Agent Wilson should have known about structuring. But apparently he missed that lecture at the FBI Academy; instead, he’ll get some remedial education at ClubFed. He pleaded guilty to structuring $488,000 of deposits; he’s facing up to five years at ClubFed when he’s sentenced next March. He’s also a late nominee for the Tax Offender of the Year.

Escort Service Operator Charged with Structuring

Monday, October 8th, 2012

Here in Las Vegas, escort services and strip clubs are big business. They’re also (generally) cash businesses. A joint police task force has been looking into the operations. The local police are concerned about prostitution (it is illegal in Clark County, which includes Las Vegas); federal authorities are interested in tax evasion. One local man has found himself charged with structuring.

As I’ve reported before, structuring is deliberately making cash deposits under $10,000 so as to avoid currency transaction reports. It’s a felony.

Emmanouil Varagiannis has been charged with structuring. Mr. Varagiannis is the general manager of the Olympic Garden. He’s alleged to have made 208 cash deposits totaling more than $1.8 million…all under $10,000. The structuring apparently relates to Midnight Inc.; that entity, which does business as Midnight Entertainers, is an escort service.

The news story in the Review-Journal noted that the task force continues to probe allegations of prostitution and kickbacks to cab drivers who direct customers to specific strip clubs. It is worth noting that Mr. Varagiannis has only been charged with one count of structuring and has not been charged with anything else.

Best Structuring In a Supporting Role…

Sunday, March 7th, 2010

With the Academy Awards being broadcast this evening, it’s appropriate to look at a case from the movies. Cindy Ondracek and her husband owned a drive-in movie theater in Port Orchard, Washington; they also owned another cinema in Bremerton, Washington. The businesses were successful: they generated over $2 million in gross revenues, most of this in cash.

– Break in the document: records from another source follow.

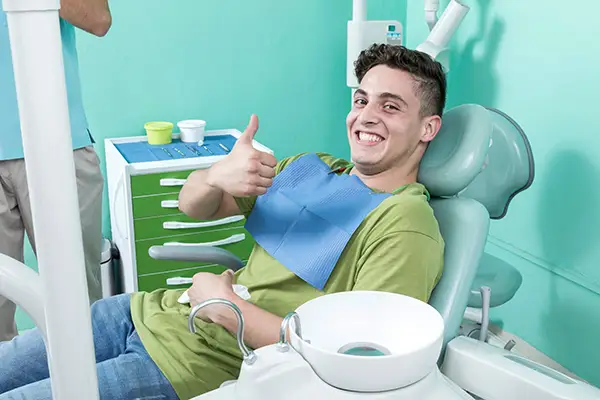 A grinning young man sitting in the dentist chair with a bib on at Riverwind Dental in Henrico, VA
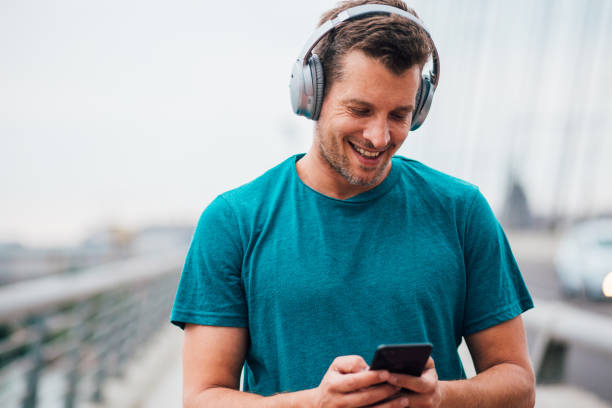 istock Young man with headphones and a smartphone walking on the bridge 1179599721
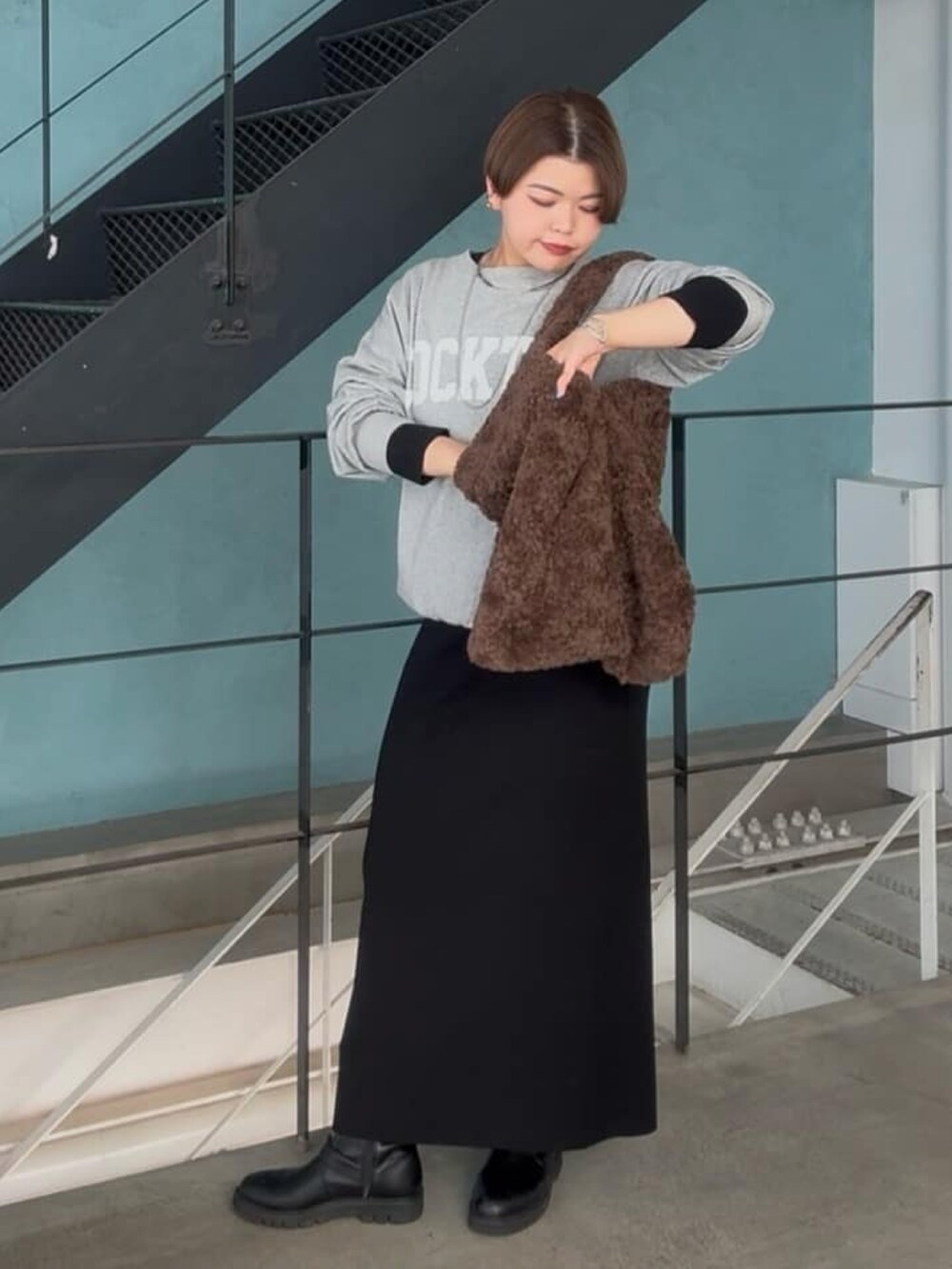 グレー系のスウェット、ブラック系のワンピースを着用したレディースの冬コーディネートの2枚目の写真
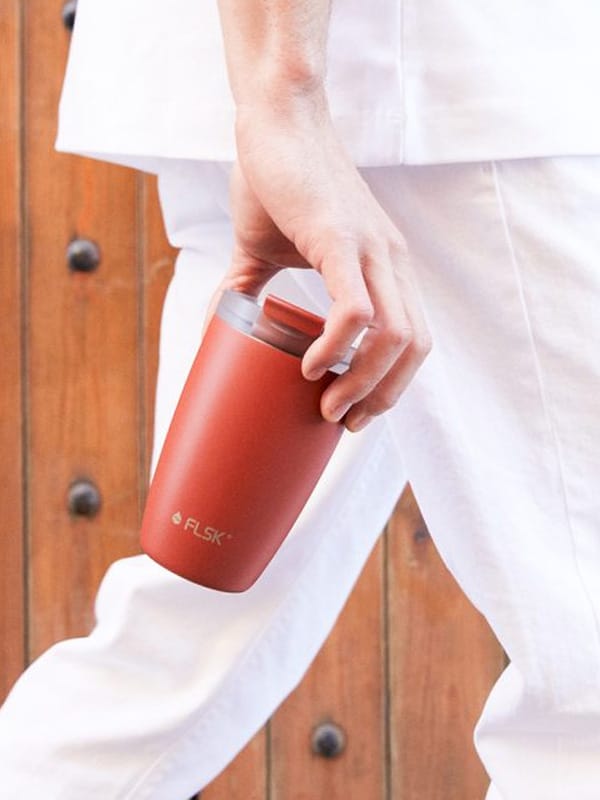 Individualisierter roter Kaffeebecher in der Hand – perfektes Werbemittel für unterwegs mit starkem Branding-Effekt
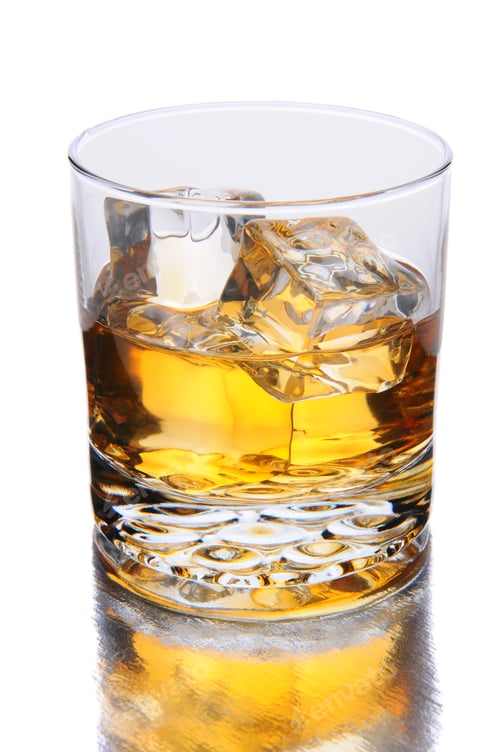 Preview: Closeup Of A Glass On Whiskey On The Rocks With Reflection. Vertical Format On A White Background.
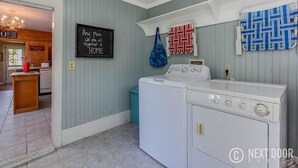 A laundry room with a washing machine and dryer, a chalkboard with a message, and a patterned towel on the wall.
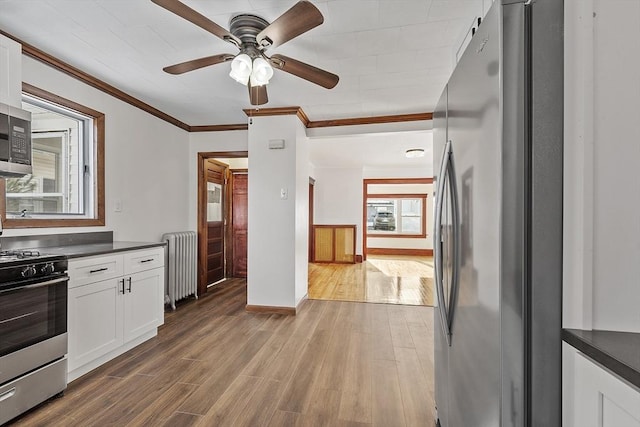 kitchen with gas stove, dark countertops, freestanding refrigerator, and radiator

But Mrs. Ondracek and her husband didn’t like the idea of the government getting the cash. So Mrs. Ondracek structured her deposits. She deliberately deposited less than $10,000 to avoid currency transaction reporting rules. That in itself is a felony.

Mrs. Ondracek, though, took this one better: She and her husband failed to file tax returns for the years in issue (2002 through 2005). And she can’t claim ignorance: Her bank sent her a warning letting her know about the currency reporting rules.

Mrs. Ondracek pleaded guilty to not paying tax on the more than $197,000 of income that came from the theaters. The government calculates the lost tax revenue at $68,000. Mrs. Ondracek is on the hook for that, and will likely get to visit ClubFed.